Dataset excerpts Start Marker
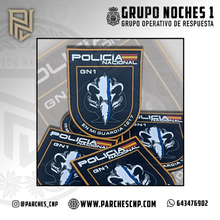 Cargar imagen en el visor de la galería, EMBLEMA DE BRAZO GN1 USERA VILLAVERDE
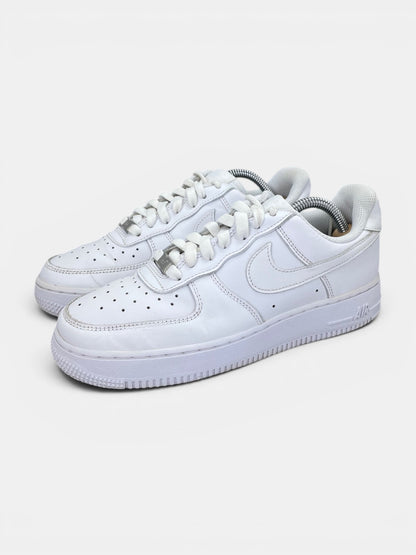 Nike Air Force 1 Low Triple White - buty sportowe, widok z boku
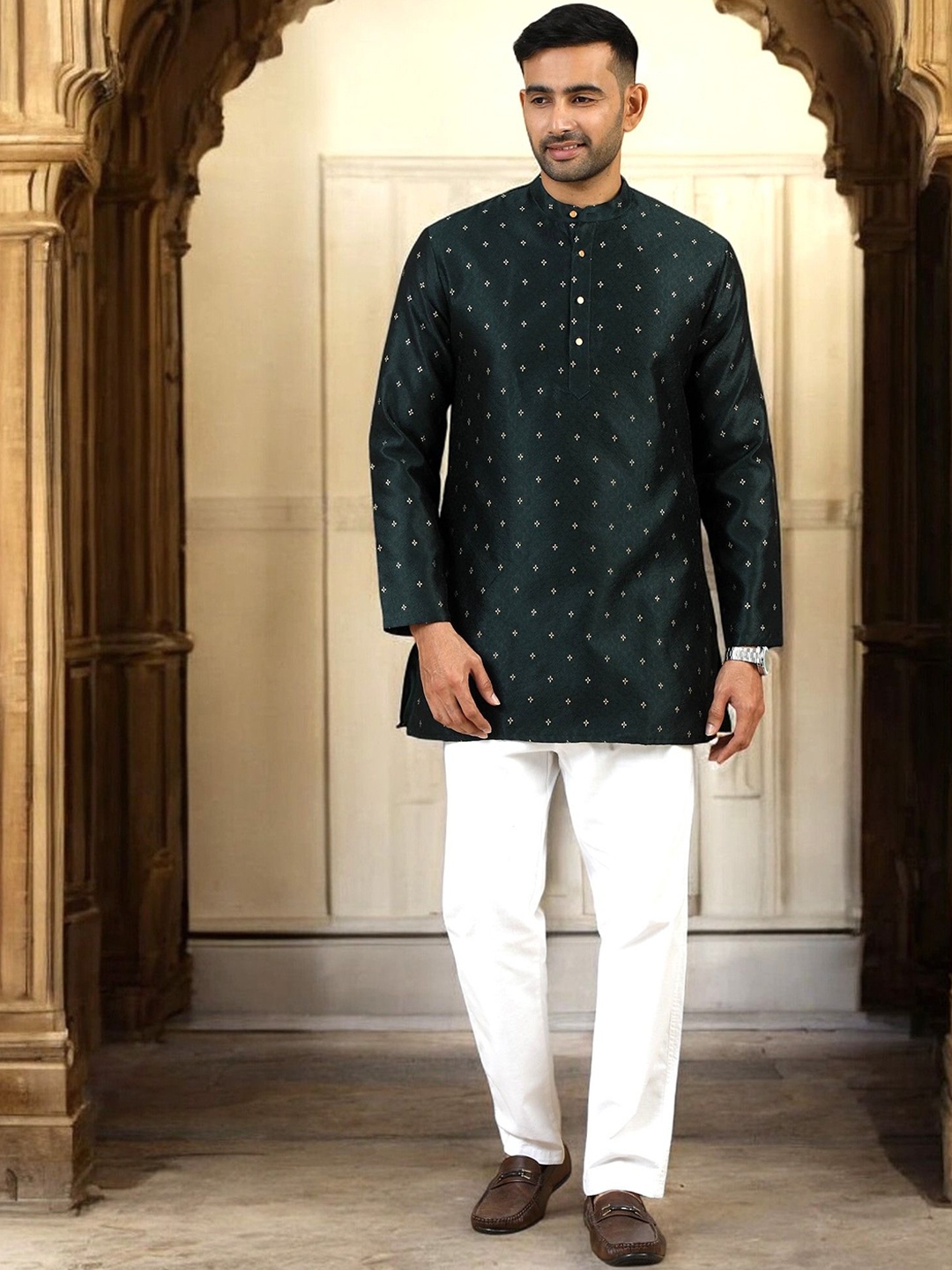 

TATTVA Men Geometric Thread Work Kurta, Green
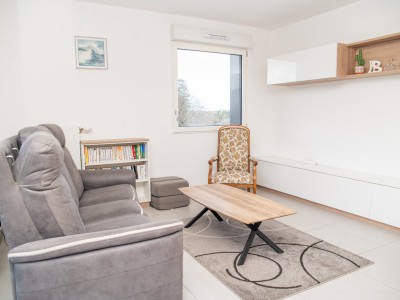 Bright, proximity to school, shops, lake and motorway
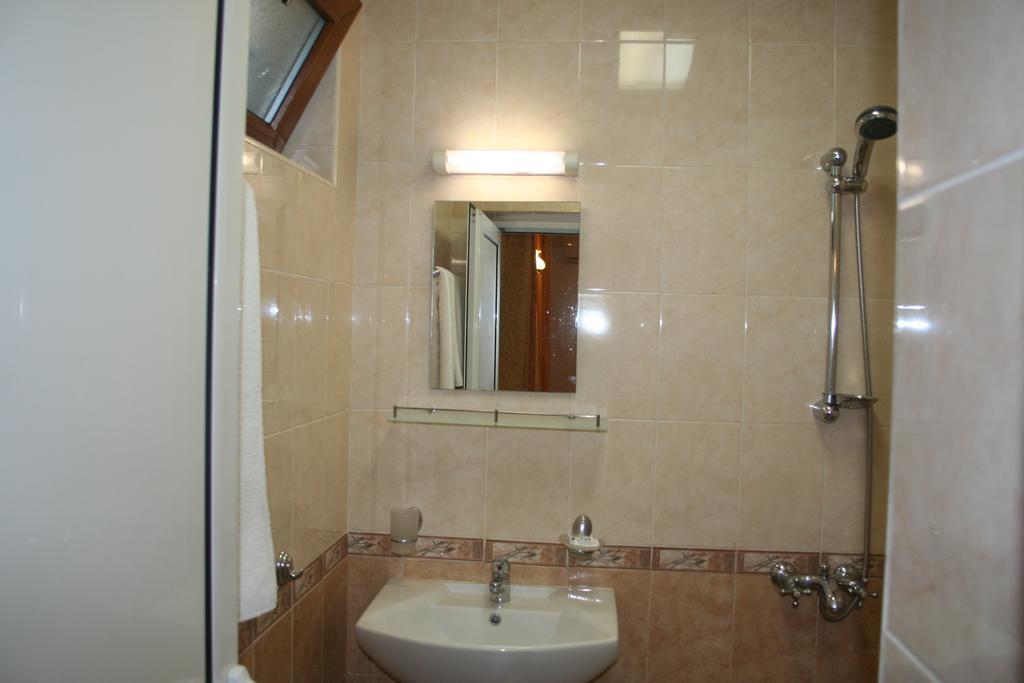Hotel Todorova House à Zlatograd Extérieur photo
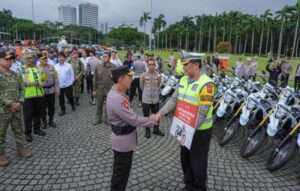 Apel Gelar Pasukan Operasi Ketupat 2026, Kapolri Serahkan Bantuan Kendaraan ke Polda Terdampak Bencana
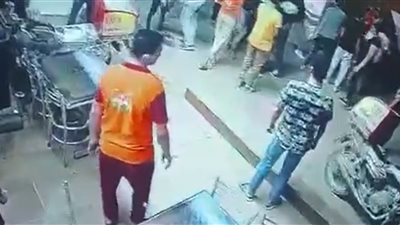 مطاردة من 20 شخصا.. لحظة الاعتداء على صاحب محل ألبان بالمطرية | فيديو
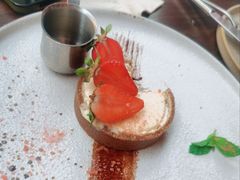 -Brut Eatery悦璞食堂(建国东路店)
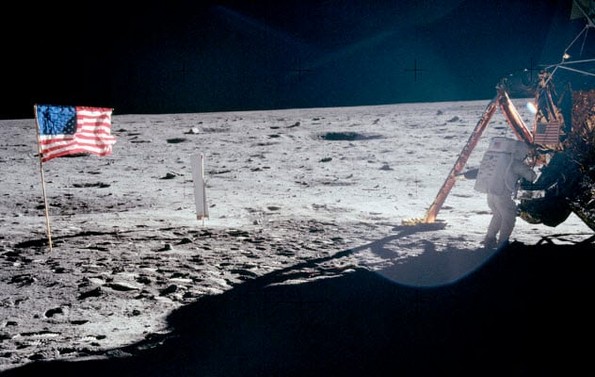 Луди факти што никој не ви ги кажал за првото слетување на месечината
Dataset excerpts End Marker
> What to work on: Leave the pictures out and retype only the lines from the line with "مطاردة من 20" through the final line of the material, both ends included, word for word.

> Completed task:
 مطاردة من 20 شخصا.. لحظة الاعتداء على صاحب محل ألبان بالمطرية | فيديو
 -Brut Eatery悦璞食堂(建国东路店)
 Луди факти што никој не ви ги кажал за првото слетување на месечината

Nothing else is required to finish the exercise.